Information provided: Begin
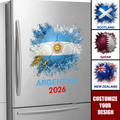 Personalized Country Flag Decal for World Cup 2026 Soccer Fans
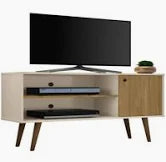 TV STAND JADE (Off white / Cinamomo / Slatted)1.0m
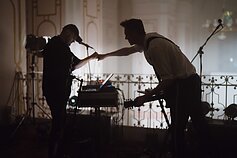 Kristijono Ribaičio klipo pristatymo akimirka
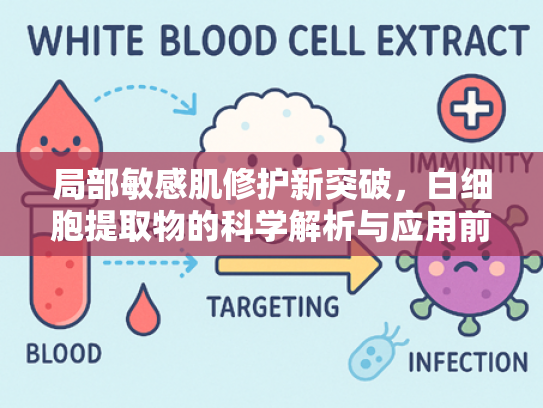 局部敏感肌修护新突破，白细胞提取物的科学解析与应用前景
Information provided: End
=== Action item ===
Reproduce the material word for word, but without its images.

=== Output ===
 Personalized Country Flag Decal for World Cup 2026 Soccer Fans
 TV STAND JADE (Off white / Cinamomo / Slatted)1.0m
 Kristijono Ribaičio klipo pristatymo akimirka
 局部敏感肌修护新突破，白细胞提取物的科学解析与应用前景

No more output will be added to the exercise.